Your task:
"Aerial video of" appears in one line of the records below. Output that line and each one after it, exactly, through the last line.

#### Study material

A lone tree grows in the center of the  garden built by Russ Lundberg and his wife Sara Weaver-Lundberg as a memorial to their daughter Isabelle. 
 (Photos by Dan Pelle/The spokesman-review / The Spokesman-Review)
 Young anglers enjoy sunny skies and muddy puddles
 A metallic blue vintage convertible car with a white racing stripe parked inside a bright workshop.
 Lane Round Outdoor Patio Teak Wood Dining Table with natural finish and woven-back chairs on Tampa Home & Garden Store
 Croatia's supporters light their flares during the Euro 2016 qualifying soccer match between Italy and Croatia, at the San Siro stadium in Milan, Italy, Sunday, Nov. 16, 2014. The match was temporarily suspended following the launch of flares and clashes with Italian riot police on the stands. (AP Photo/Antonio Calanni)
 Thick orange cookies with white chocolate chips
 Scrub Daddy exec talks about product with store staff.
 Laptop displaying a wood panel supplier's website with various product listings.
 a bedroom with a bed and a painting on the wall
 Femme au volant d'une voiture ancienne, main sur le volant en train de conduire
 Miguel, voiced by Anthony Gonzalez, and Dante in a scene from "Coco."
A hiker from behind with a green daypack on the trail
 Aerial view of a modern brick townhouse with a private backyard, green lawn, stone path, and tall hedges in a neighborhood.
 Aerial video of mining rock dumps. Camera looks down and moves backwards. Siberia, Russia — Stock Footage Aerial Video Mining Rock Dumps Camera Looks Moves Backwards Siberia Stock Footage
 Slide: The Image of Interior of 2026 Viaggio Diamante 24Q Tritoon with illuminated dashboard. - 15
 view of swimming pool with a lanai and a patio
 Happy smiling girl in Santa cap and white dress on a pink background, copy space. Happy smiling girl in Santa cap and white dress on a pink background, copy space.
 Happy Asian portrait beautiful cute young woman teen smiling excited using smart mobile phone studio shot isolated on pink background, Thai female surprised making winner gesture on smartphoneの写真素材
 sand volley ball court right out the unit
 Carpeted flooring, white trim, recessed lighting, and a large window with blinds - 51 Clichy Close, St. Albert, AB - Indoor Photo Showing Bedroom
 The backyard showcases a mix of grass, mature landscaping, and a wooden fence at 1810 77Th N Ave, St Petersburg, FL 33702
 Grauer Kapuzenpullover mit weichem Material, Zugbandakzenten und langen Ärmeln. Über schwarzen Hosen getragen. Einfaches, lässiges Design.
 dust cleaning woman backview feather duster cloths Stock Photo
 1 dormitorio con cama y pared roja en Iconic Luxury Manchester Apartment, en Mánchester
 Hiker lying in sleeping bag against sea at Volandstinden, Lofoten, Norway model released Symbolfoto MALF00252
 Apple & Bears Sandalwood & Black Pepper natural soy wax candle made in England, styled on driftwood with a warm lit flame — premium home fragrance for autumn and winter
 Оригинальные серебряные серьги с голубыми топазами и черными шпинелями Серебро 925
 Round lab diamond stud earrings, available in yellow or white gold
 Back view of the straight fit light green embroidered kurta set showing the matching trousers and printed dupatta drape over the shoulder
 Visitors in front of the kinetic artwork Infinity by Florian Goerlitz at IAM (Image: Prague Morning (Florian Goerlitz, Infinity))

########

Answer area:
 Aerial video of mining rock dumps. Camera looks down and moves backwards. Siberia, Russia — Stock Footage Aerial Video Mining Rock Dumps Camera Looks Moves Backwards Siberia Stock Footage
 Slide: The Image of Interior of 2026 Viaggio Diamante 24Q Tritoon with illuminated dashboard. - 15
 view of swimming pool with a lanai and a patio
 Happy smiling girl in Santa cap and white dress on a pink background, copy space. Happy smiling girl in Santa cap and white dress on a pink background, copy space.
 Happy Asian portrait beautiful cute young woman teen smiling excited using smart mobile phone studio shot isolated on pink background, Thai female surprised making winner gesture on smartphoneの写真素材
 sand volley ball court right out the unit
 Carpeted flooring, white trim, recessed lighting, and a large window with blinds - 51 Clichy Close, St. Albert, AB - Indoor Photo Showing Bedroom
 The backyard showcases a mix of grass, mature landscaping, and a wooden fence at 1810 77Th N Ave, St Petersburg, FL 33702
 Grauer Kapuzenpullover mit weichem Material, Zugbandakzenten und langen Ärmeln. Über schwarzen Hosen getragen. Einfaches, lässiges Design.
 dust cleaning woman backview feather duster cloths Stock Photo
 1 dormitorio con cama y pared roja en Iconic Luxury Manchester Apartment, en Mánchester
 Hiker lying in sleeping bag against sea at Volandstinden, Lofoten, Norway model released Symbolfoto MALF00252
 Apple & Bears Sandalwood & Black Pepper natural soy wax candle made in England, styled on driftwood with a warm lit flame — premium home fragrance for autumn and winter
 Оригинальные серебряные серьги с голубыми топазами и черными шпинелями Серебро 925
 Round lab diamond stud earrings, available in yellow or white gold
 Back view of the straight fit light green embroidered kurta set showing the matching trousers and printed dupatta drape over the shoulder
 Visitors in front of the kinetic artwork Infinity by Florian Goerlitz at IAM (Image: Prague Morning (Florian Goerlitz, Infinity))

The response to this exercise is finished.